There are many ways you can apply this strategy of discovery with your customers, especially if they are repeat customers. If you think about each customer as if they were an onion with many layers to uncover, you can view each contact with them as an opportunity to peel away one more layer.

Learning

Your customers are individuals with unique personalities, family issues, work challenges, and styles of doing business. You can work on strategies to uncover more information about your customers to help cement a relationship with them. Customers who like you and enjoy your relationship are more willing to continue to do business with you and become loyal repeat customers.

Depth

Depending on how you maintain your customer records, there are different methods of collecting and retaining information about your clients. In an article, “7 Ways to (Really) Know Your Customers” (http://www.businessnewsdaily.com/4890-customer-engagement-tips.html), it offers several suggestions for small businesses to get to know their customers better including gleaning social data from sites such as Facebook.
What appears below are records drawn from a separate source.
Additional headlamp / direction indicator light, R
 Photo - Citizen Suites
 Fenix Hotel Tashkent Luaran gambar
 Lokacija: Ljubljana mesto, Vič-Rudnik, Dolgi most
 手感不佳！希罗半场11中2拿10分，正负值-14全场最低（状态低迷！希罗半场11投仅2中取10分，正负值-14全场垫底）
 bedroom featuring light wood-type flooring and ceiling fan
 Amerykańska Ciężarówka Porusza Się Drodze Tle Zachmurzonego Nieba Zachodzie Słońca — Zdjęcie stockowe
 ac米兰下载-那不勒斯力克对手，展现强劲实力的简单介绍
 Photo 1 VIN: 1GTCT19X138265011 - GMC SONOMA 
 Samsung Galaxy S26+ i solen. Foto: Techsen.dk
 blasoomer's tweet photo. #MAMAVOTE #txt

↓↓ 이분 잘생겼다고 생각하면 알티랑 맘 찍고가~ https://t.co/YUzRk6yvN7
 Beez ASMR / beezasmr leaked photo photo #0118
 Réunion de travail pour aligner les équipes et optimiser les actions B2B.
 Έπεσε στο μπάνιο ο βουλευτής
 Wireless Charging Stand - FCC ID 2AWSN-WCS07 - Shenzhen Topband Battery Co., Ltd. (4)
By getting to know your customers better, you can anticipate when they will be spending, what triggers a purchase, and how you can be proactive in contacting them for their triggers. As you learn more about your customer, you can apply your knowledge to help them better manage their relationship with you, potentially saving them money in the long run. For instance, if they are buying their products when needed, but you see a pattern, you can sell them a larger bulk amount on a periodic basis saving them money and securing the purchase for your account.

Knowledge

Knowing your customers will allow you to separate the A and B level of customers from the one-time business customers. As you develop your relationships with your clients, you can grow your business in depth. Then, using similar methods, seek out new business and begin the process again.